Starting with the line below that holds "Photo of property" and stopping after the line that holds "South Albany Airport", transcribe the lines exactly, leaving out all pictures.

### Task material:
--------------------------------

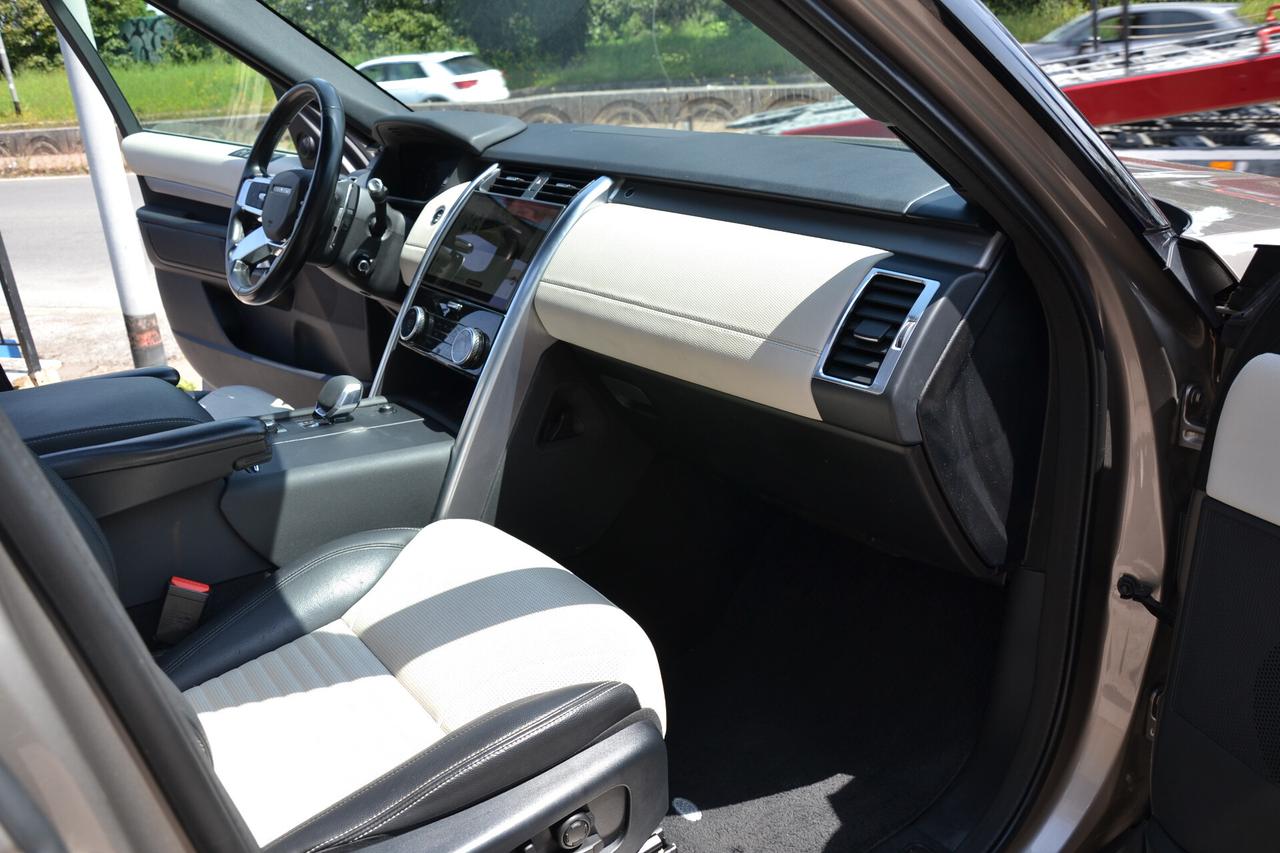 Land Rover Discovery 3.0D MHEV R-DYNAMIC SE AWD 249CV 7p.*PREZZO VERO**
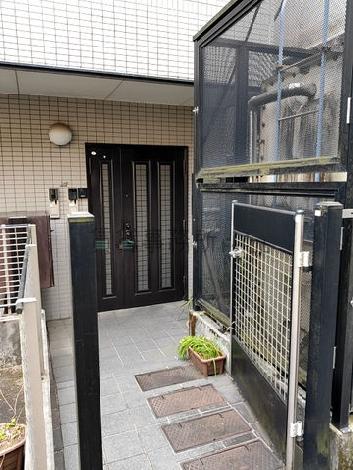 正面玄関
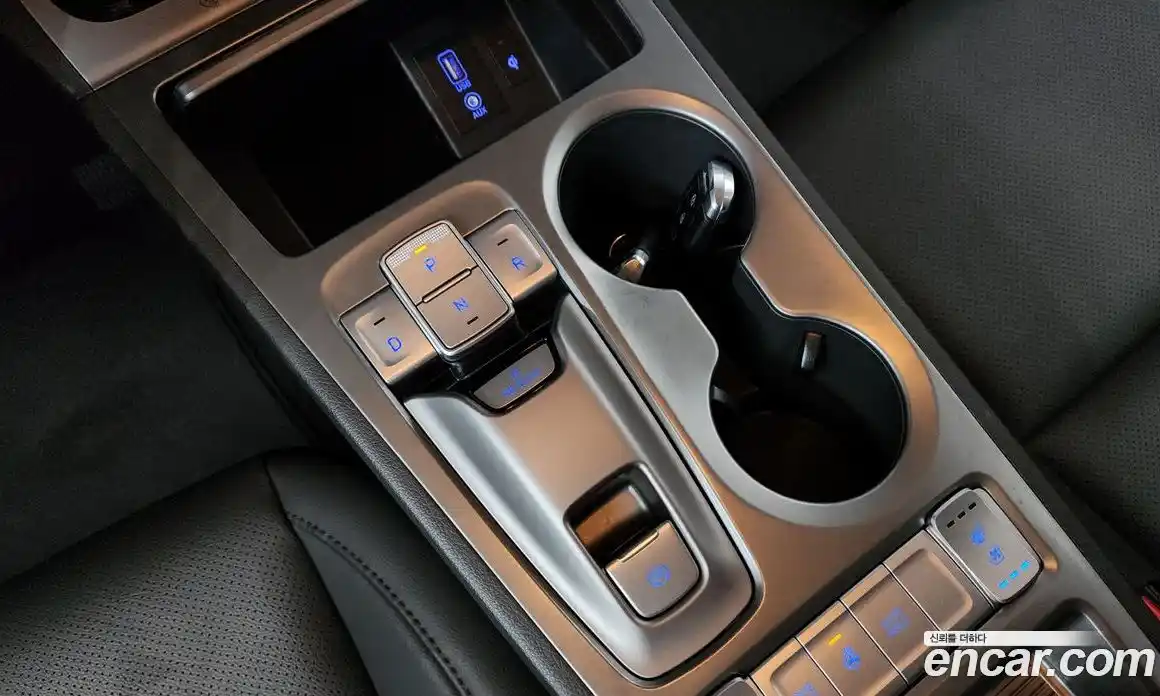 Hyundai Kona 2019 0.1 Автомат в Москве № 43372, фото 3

--------------------------------

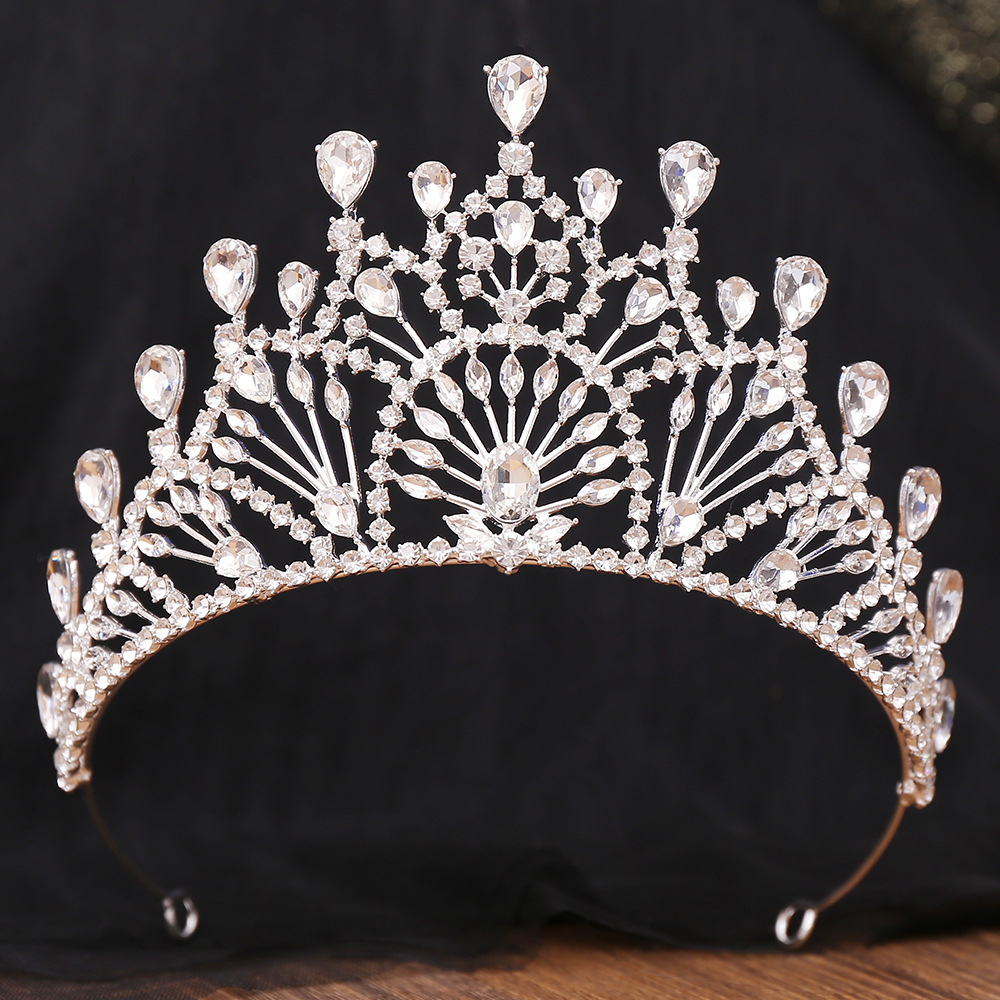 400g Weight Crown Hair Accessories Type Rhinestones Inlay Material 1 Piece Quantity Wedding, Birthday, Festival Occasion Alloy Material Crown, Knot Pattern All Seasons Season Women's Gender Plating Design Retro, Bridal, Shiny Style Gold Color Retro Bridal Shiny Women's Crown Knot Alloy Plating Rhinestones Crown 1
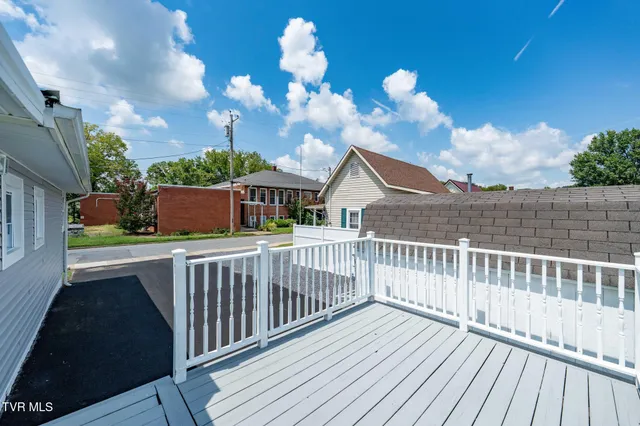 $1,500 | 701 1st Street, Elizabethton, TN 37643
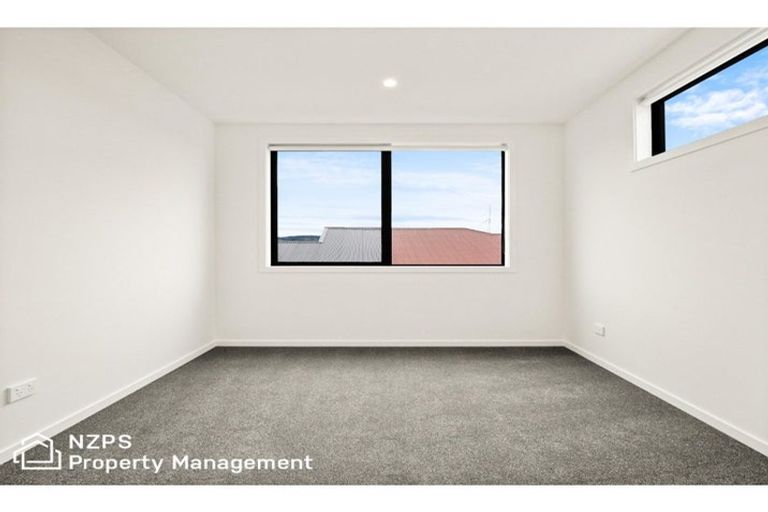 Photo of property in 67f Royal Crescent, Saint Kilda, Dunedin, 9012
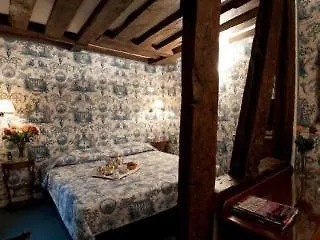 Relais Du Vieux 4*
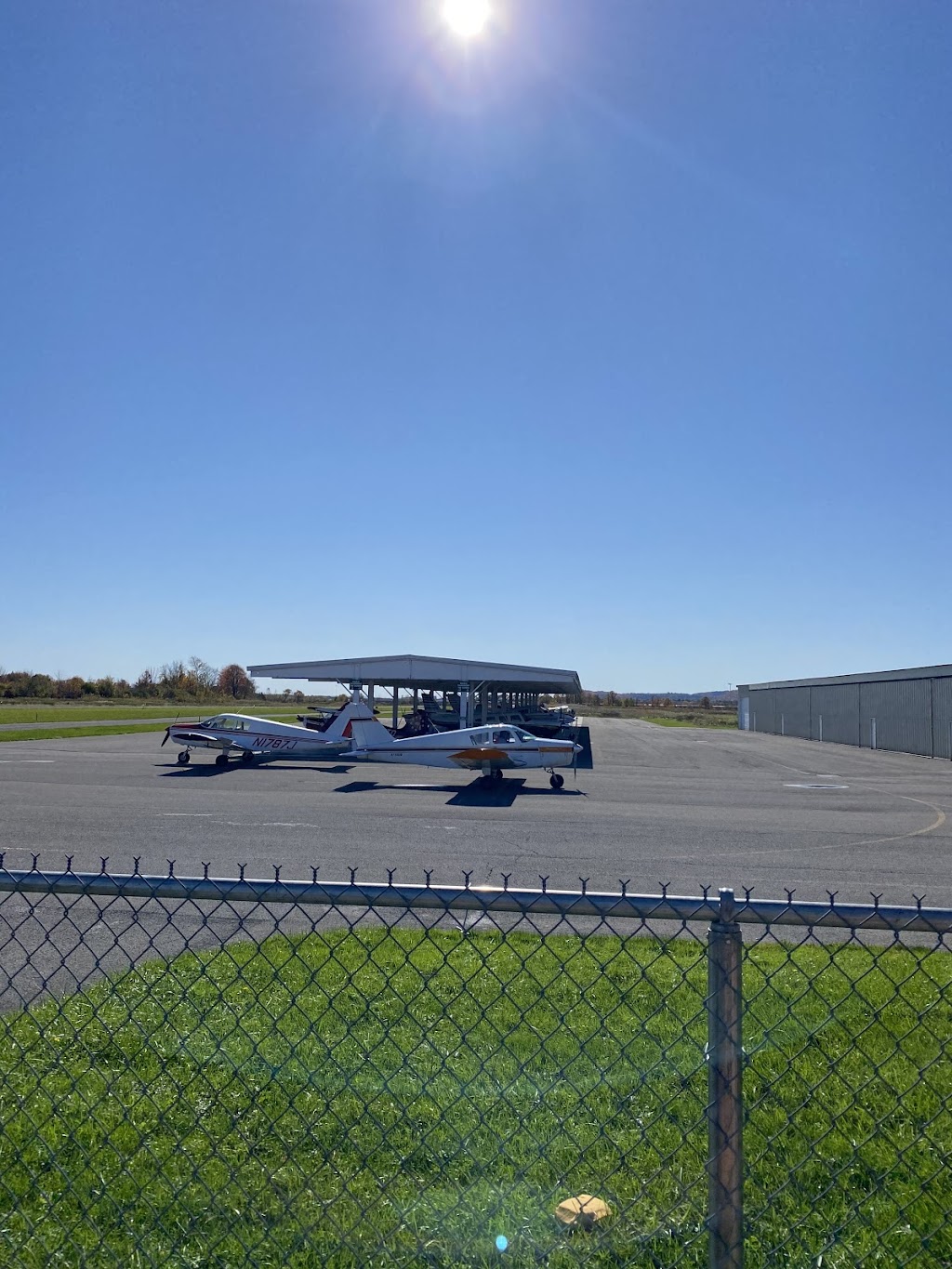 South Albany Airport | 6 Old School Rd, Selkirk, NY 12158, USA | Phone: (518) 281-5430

--------------------------------

### Result of this task:
 Photo of property in 67f Royal Crescent, Saint Kilda, Dunedin, 9012
 Relais Du Vieux 4*
 South Albany Airport | 6 Old School Rd, Selkirk, NY 12158, USA | Phone: (518) 281-5430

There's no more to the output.